Here are four options for the Wizards to explore in free agency, starting with the biggest reach and working our way to the more realistic options…
Team: Brooklyn Nets
2019-20 stats: 14.5 ppg, 4.3 rpg, 2.1 apg, 0.6 spg, 48.6 FG% (5.5/11.4), 42.4 3PT% (2.5/5.9)
2019-20 salary: $7.7M
General manager Tommy Sheppard clearly covets shooters and Harris is among the best three-point marksmen in the NBA. Going after him probably only makes sense if they can’t re-sign Bertans, as they almost certainly wouldn’t be able to afford both. But there is always room for someone who can spread the floor like Harris can. He’s a 42.6 percent career shooter from three and the past two seasons has shot 44.8 percent on 5.5 attempts per game.
Harris would likely slide right in as the starting small forward. He’s an okay defender, but wouldn’t make a major difference there. So, if he’s your one, big free agent signing, you can probably only justify it if you land a rim protector in the draft or via trade.
Team: Los Angeles Lakers
2019-20 stats: 8.6 ppg, 2.3 rpg, 1.3 apg, 0.9 spg, 44.4 FG% (3.5/7.8), 36.4 3PT% (1.3/3.5)
2019-20 salary: $4.8M (has 2020-21 player option)
Bradley would help the Wizards fill one of their biggest needs and that is perimeter defense. He may not be the All-Defense player he was in Boston, but he would immediately stand out on the Wizards’ roster. The Wizards would ask a simple role of him: back up Wall and Beal with physical, scrappy defense.
Bradley can still do that decently well and would likely be a good complement for Beal when he becomes the primary ballhandler with Wall on the bench. Beal could be the point guard on offense while Bradley assumes that role on the other end. The question with Bradley is whether a team like the Wizards can lure him away from contenders like the Bucks and Warriors, who are reportedly interested. But from a pure, basketball standpoint he would fit very well in Washington.
Team: San Antonio Spurs
2019-20 stats: 11.2 ppg, 2.0 rpg, 1.7 apg, 0.5 spg, 41.7 FG% (3.8/9.2), 38.8 3PT% (2.3/6.0)
2019-20 salary: $2.9M
Now we move to the bargain (and more realistic) options for the Wizards to sign.

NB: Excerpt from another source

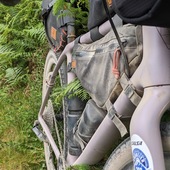 User avatar for Greig Ness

Forbes is a solid back-up shooting guard who is close to being an elite three-point shooter. He has shot 40 percent from beyond the arc for his career and just two years ago knocked down 42.6 percent on 5.0 attempts per game. For comparison, Bertans shot 42.9 percent on 4.4 attempts his last year in San Antonio before he came to the Wizards and had a breakout season.
Forbes isn’t a very good defender, but the Wizards aren’t going to find complete players in Forbes’ price range. Maybe they could tap into some of his potential on that end, as he does have a strong build and could, in theory, be a physical force on the perimeter. Plus, just because you stand out as a bad defensive player on the Spurs doesn’t mean the same will occur on the Wizards. He might represent an improvement over what they have seen recently in their second unit.

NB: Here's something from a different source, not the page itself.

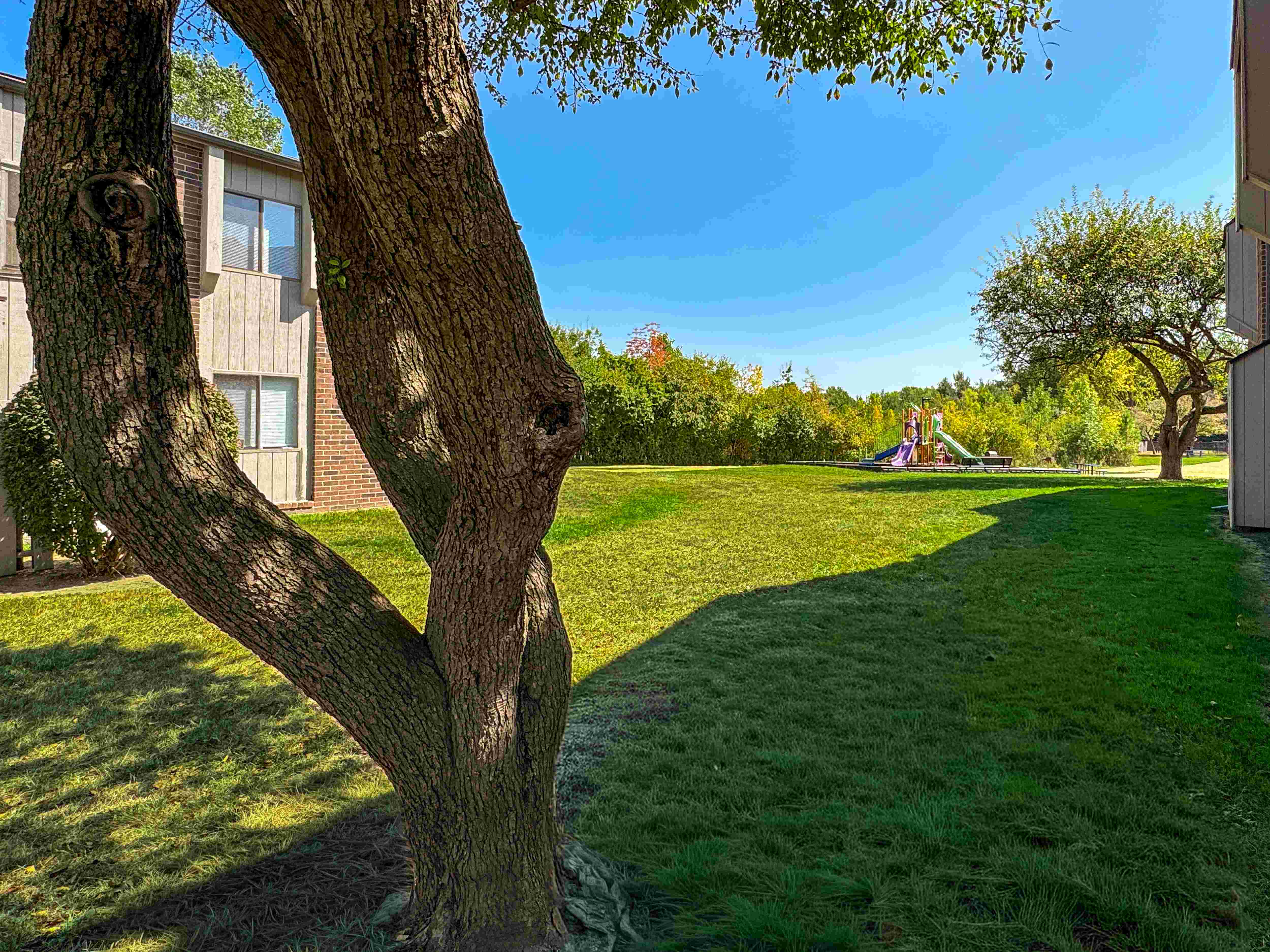 Expansive Greenspace at Three Oaks Apartments in Troy, MI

Age: 27 (turns 28 in Jan.)
Team: Milwaukee Bucks
2019-20 stats: 5.4 ppg, 4.2 rpg, 1.6 apg, 0.4 spg, 45.5 FG% (2.0/4.5), 33.1 3PT% (0.8/2.5)
2019-20 salary: $1.7M
Like Forbes, Connaughton likely wouldn’t cost much and he does a few very specific things well. For one, he would give the Wizards a boost in athleticism, which they are seeking this offseason. The guy can jump out of the gym. Plus, he’s a physical defender and a very good rebounder for his position. Connaugton averaged 4.2 rebounds per game each of the past two seasons and in 2019-20 pulled in 8.2 boards per 36 minutes. By that measure, he was the best rebounding shooting guard in the league.
As bad as the Wizards are defensively, they are nearly as bad at rebounding and that plays into the problem. Sometimes they force misses and don’t complete the stop with a defensive board. Connaughton could help that cause. And though he’s not a great shooter, he’s a consistently decent in that area. His 54.7 effective field goal percentage last season definitely checks out, considering his role.